Chancellor Jeremy Hunt poised for stealth tax raid to reap £68bn


Jeremy Hunt poised for stealth tax raid to reap £68bn: Households face pain as Chancellor tries to plug hole in nation’s finances

  • Hunt under pressure to reassure markets he can balance Government’s books 
  • He has warned that ‘eye-wateringly difficult’ decisions will be required
  • Choices will be difficult as Bank forecasting longest recession on record 

Under pressure: Chancellor Jeremy Hunt

The Chancellor is set to unleash £68billion of stealth taxes this week in a desperate effort to plug a massive hole in the nation’s finances. 

Jeremy Hunt – appointed to the role just a month ago – is under pressure to reassure markets that he can balance the Government’s books after a disastrous fiscal statement by his predecessor. 

Kwasi Kwarteng and former Prime Minister Liz Truss both resigned after their package of unfunded tax cuts spooked investors and sent the interest on Government debt sky-rocketing. 

Hunt has warned that ‘eye-wateringly difficult’ decisions will be required to restore Britain’s economic credibility. The choices will be especially difficult as the Bank of England is forecasting the longest recession on record. 

Whitehall sources said the planned freeze on various tax thresholds will do a lot of the ‘heavy lifting’. But the raft of measures will undoubtedly spell pain for households. 

By far the biggest money-spinner for the Treasury will be extending a planned freeze on income tax bands for an extra two years. This will net a total £52.5billion by 2028, according to think-tank the Centre for Economic and Business Research (CEBR). 

The move will mean three million more low paid and middle-income earners will be dragged into higher tax brackets as their wages increase. Pay is rising faster than usual, due to inflation that has spiralled into double digits. 

Tax bands are meant to lift in line with prices to ensure that no one pays more tax simply because of inflation. But, earlier this year – when he was Chancellor – Prime Minister Rishi Sunak froze the amount at which people begin paying tax at £12,570. 
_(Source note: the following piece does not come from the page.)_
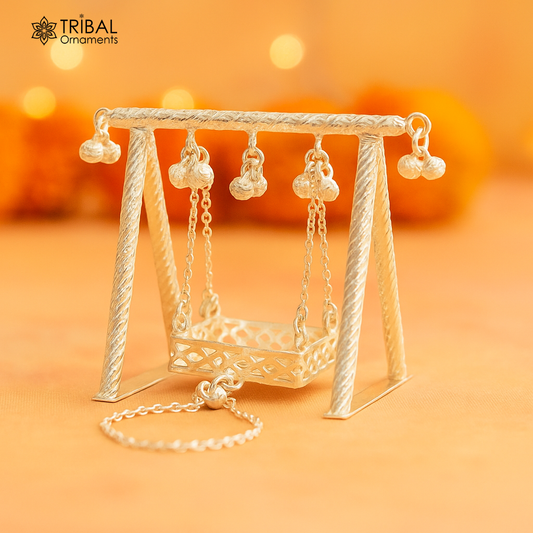Handcrafted 925Sterling silver Laddu Gopala jhula, Radha Krishna swing, krishan palana, silver jhula, laddu gopal swing, silver art su823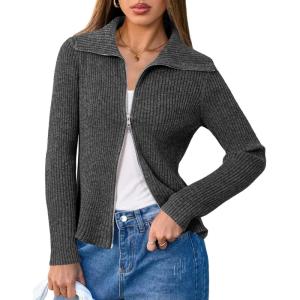 Arach&Cloz Women’s Cardigan Sweaters 2025 Wool Blend Zip Up Long Sleeve Lapel V Neck Business Casual Outfits Dark Gray M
He also pegged the threshold for the 40 per cent higher rate at £50,271. Before the expected two-year extension due to be announced by Hunt, the thresholds were set to remain the same until 2026. 

The move was announced before prices started soaring and was initially estimated to cost taxpayers £8 billion. But, with inflation running at more than 10 per cent, the total has grown significantly. 

Extending other stealth taxes will add to the total – albeit much smaller amounts. Freezing inheritance tax thresholds into 2027/28 would result in an £11.8billion stealth tax grab over the next five years, according to the CEBR. 

Keeping the lifetime allowance on pension savings at £1,073,100 for the next five years would net another £3.2billion, the think-tank added.

Government officials caution that any significant fall in inflation could see the Treasury getting much less than expected from stealth taxes. 

The uncertainty has forced Hunt’s hand. He is said to be planning other major tax hikes, including an extension of the windfall tax on oil and gas giants including BP and Shell. 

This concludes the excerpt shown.